____ Given records
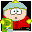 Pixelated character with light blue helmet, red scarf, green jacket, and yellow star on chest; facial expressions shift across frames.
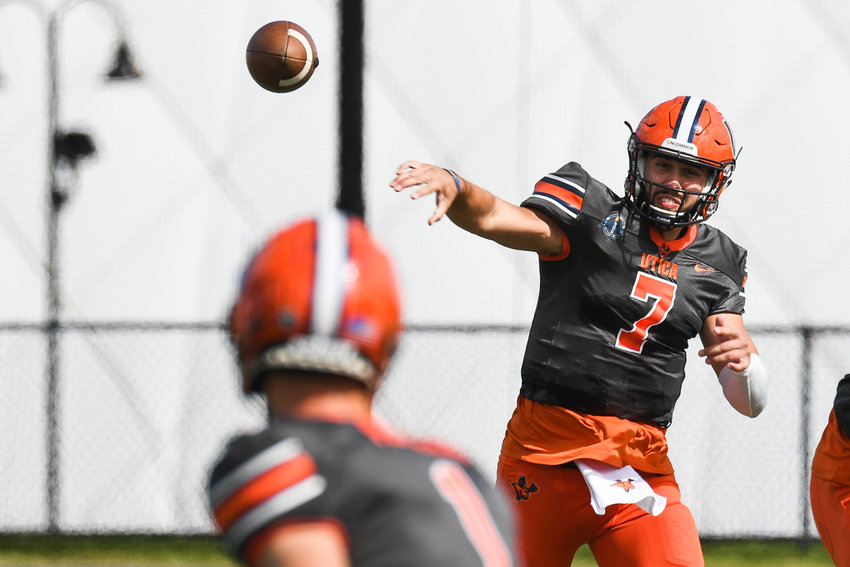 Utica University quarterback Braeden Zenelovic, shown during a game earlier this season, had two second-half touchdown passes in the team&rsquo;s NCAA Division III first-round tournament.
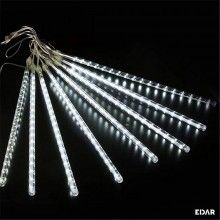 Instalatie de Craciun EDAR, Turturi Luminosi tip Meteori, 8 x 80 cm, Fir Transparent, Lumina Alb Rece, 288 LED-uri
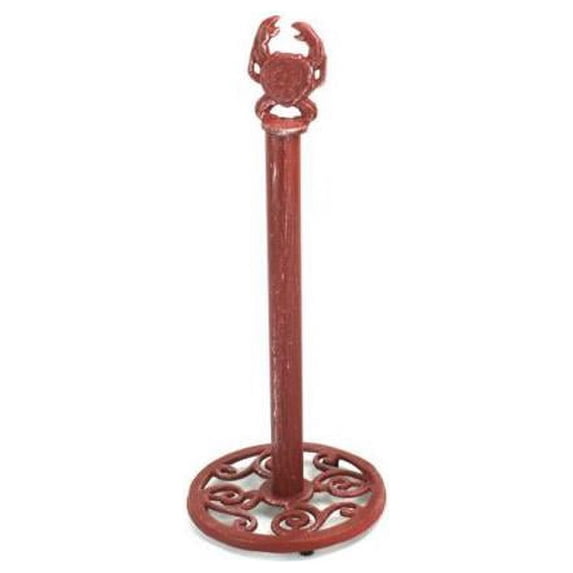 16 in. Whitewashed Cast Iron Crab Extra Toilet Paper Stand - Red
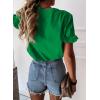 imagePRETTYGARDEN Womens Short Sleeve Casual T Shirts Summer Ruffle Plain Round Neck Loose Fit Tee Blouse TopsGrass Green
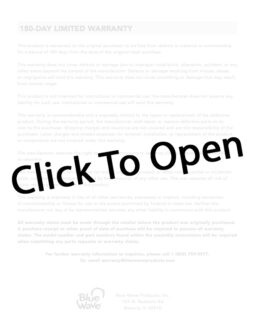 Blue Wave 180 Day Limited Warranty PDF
________
____ Given records
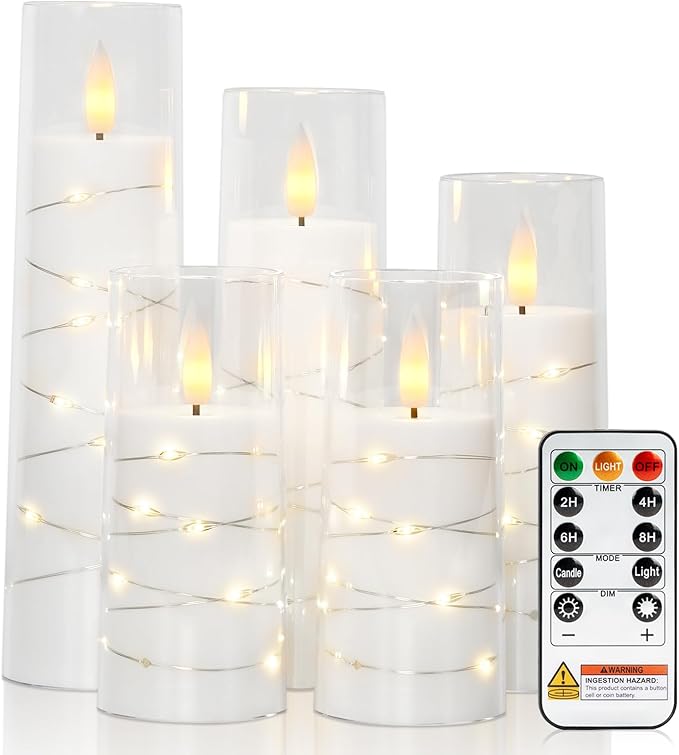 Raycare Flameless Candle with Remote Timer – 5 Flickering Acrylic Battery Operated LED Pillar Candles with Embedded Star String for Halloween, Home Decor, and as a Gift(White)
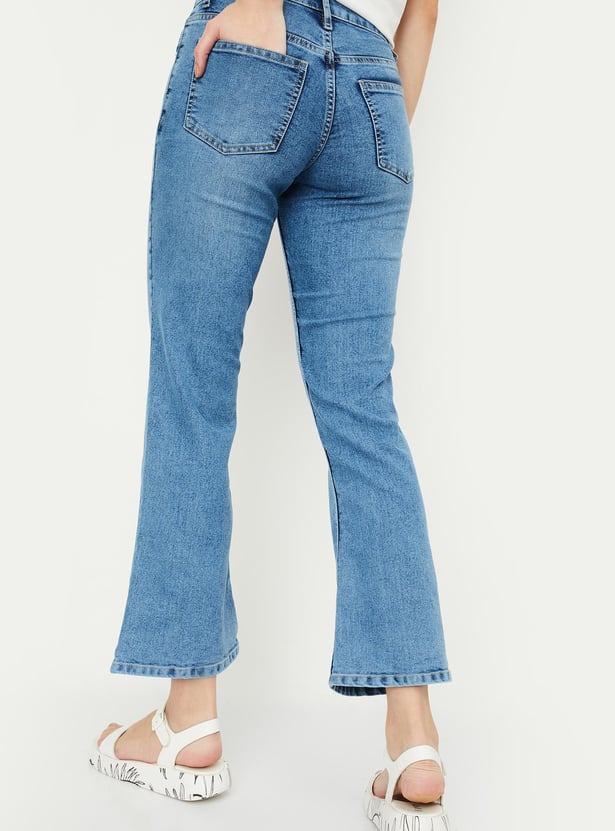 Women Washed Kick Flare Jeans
________
____ Given records
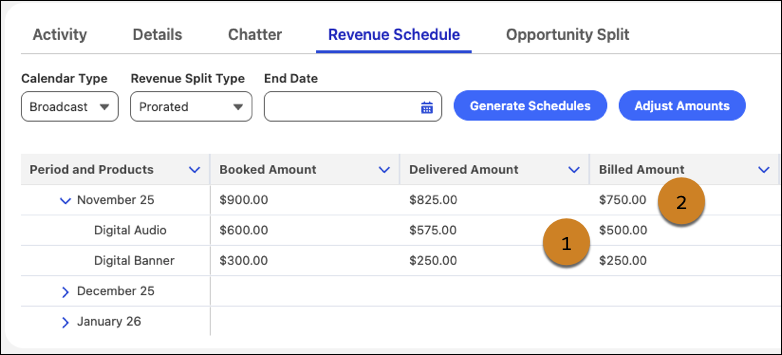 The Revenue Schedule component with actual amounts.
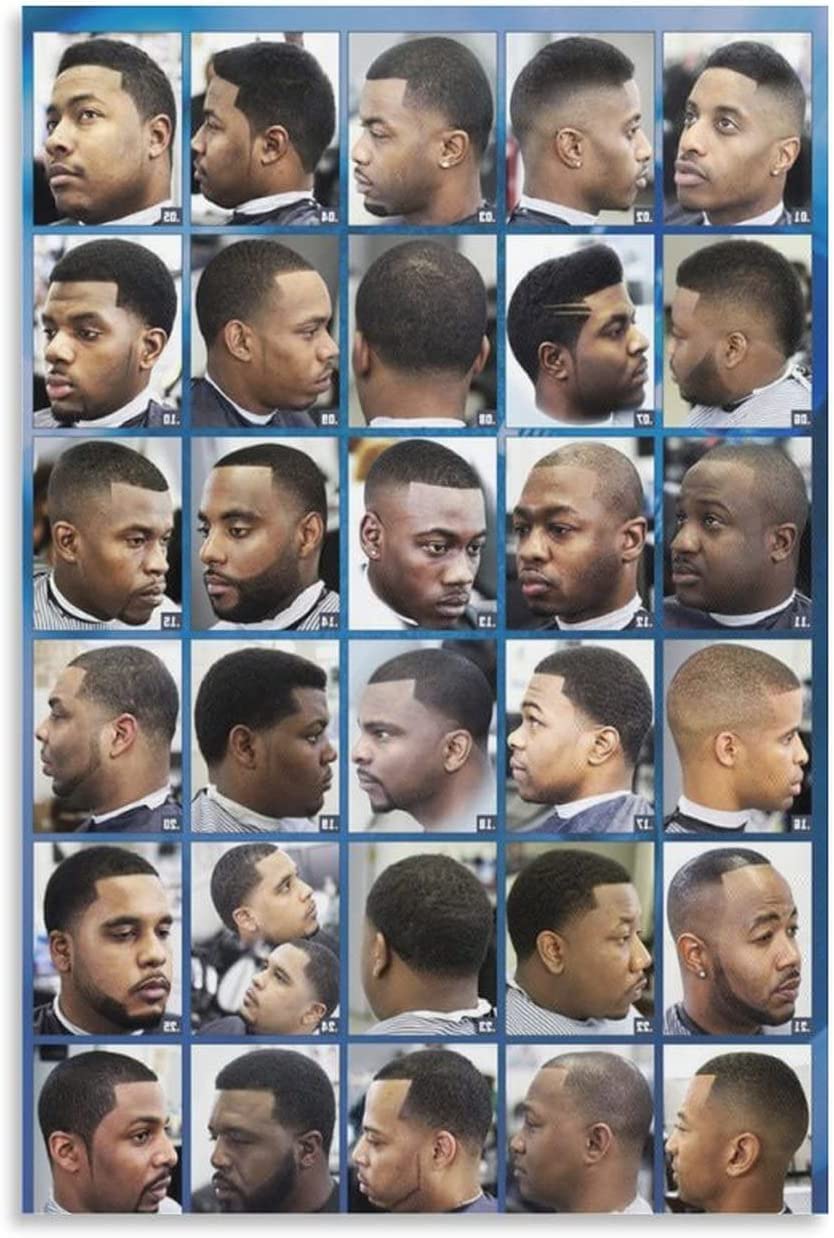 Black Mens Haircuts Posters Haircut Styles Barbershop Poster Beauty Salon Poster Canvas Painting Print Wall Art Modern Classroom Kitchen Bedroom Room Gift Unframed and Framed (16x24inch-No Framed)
________
[What is needed]
Transcribe, from the material above, the stretch starting at the line with "Pixelated character with" and ending at the line with "Blue Wave 180 Day Limited Warranty PDF", both included, exactly. Do not carry over pictures.

[Answer to this exercise]
 Pixelated character with light blue helmet, red scarf, green jacket, and yellow star on chest; facial expressions shift across frames.
 Utica University quarterback Braeden Zenelovic, shown during a game earlier this season, had two second-half touchdown passes in the team&rsquo;s NCAA Division III first-round tournament.
 Instalatie de Craciun EDAR, Turturi Luminosi tip Meteori, 8 x 80 cm, Fir Transparent, Lumina Alb Rece, 288 LED-uri
 16 in. Whitewashed Cast Iron Crab Extra Toilet Paper Stand - Red
 imagePRETTYGARDEN Womens Short Sleeve Casual T Shirts Summer Ruffle Plain Round Neck Loose Fit Tee Blouse TopsGrass Green
 Blue Wave 180 Day Limited Warranty PDF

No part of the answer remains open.